Colorectal cancer is any tumor that begins in the rectum or the colon. The cancers are named rectal cancer or colon cancer depending on where they begin, but are grouped under one name because they share common features. The rectum and colon are parts of the large intestine, the lower part of the digestive system. Food usually goes through the stomach then into the small intestine before reaching the colon. In the colon, water and essential nutrients are absorbed from food while waste matter (stool) is stored. From the colon, stool moves into the rectum before leaving the body.
How does colorectal cancer start?
Colorectal cancer begins when cells of the rectum or colon grow out of control. Usually, this occurs when cells of the inner lining of the rectum or colon form clumps or growths called polyps. Generally, polyps are small, noncancerous clumps of cells, which produce few or no symptoms. But over time, some polyps may change and become cancerous. The risk of polyps becoming cancerous depends on the type, size and number of polyps. For example, adenomatous polyps or dysplasia in the colon or rectum may result in cancer (they are pre-cancerous) while inflammatory and hyperplastic polyps do not lead to colorectal cancer. Once cancer begins in a polyp, it spreads into the wall of the rectum or colon. For this reason, regular screening tests are recommended as a way of identifying and removing polyps before colorectal cancer develops.
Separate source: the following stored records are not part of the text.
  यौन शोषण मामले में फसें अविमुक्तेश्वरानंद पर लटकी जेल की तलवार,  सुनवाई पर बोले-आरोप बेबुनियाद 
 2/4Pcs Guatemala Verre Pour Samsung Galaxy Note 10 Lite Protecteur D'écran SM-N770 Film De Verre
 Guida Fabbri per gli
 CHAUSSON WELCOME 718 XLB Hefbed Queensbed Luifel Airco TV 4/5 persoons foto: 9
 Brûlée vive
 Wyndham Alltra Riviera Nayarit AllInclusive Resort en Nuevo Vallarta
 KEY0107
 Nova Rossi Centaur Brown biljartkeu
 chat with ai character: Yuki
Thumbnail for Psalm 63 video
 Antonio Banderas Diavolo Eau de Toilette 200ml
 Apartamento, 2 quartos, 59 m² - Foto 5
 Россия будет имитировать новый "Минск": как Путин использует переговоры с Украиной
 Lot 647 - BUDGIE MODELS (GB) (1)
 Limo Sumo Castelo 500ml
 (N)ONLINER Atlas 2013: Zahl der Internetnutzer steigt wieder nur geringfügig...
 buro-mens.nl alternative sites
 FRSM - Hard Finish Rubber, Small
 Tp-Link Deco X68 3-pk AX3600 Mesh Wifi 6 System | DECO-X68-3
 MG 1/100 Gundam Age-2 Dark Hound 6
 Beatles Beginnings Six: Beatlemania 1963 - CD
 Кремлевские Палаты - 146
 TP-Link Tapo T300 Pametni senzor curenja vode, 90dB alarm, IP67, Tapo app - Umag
Types of colorectal cancer
1. Adenocarcinomas: Colorectal cancers that begin in the mucus cells of the rectum and colon. They make up 95 percent of all colorectal cancers.
2. Carcinoid tumors: Tumors that begin in specialized hormone-producing cells of the large intestines.
3. Lymphomas: Cancers of immune system cells that oten begin in the lymph nodes, but occasionally start in the rectum or colon.
4. Gastrointestinal stromal tumors (GISTs): Tumors that begin in the specialized cells called interstitial cells of Cajal, which are found in the wall of the colon. Some are non-cancerous while others are cancerous.
5. Sarcomas: Rare cancers of the rectum and colon which start in the muscle layers, blood vessels or other connective tissues of the rectal or colon wall.
How common is colorectal cancer?
In the United States, colorectal cancer is the fourth most common cancer diagnosed, with more than 95,000 new cases of colon cancer and more than 40,000 new cases of rectal cancer reported annually. The cancer occurs equally in men and women, but men usually develop it at a younger age. About 1 in every 20 people in the United States will have colorectal cancer in their lifetime, with men having a slightly higher risk than women. Colorectal cancer is the second-leading cause of cancer-related deaths in men and third-leading cause in women in the U.S. It currently causes more than 50,000 deaths annually. However, over the last few decades, the death rate due to colorectal cancer has reduced significantly as early screening, detection and treatment has ensured increased survival. Today, there are more than 1 million colorectal cancer survivors in the United States.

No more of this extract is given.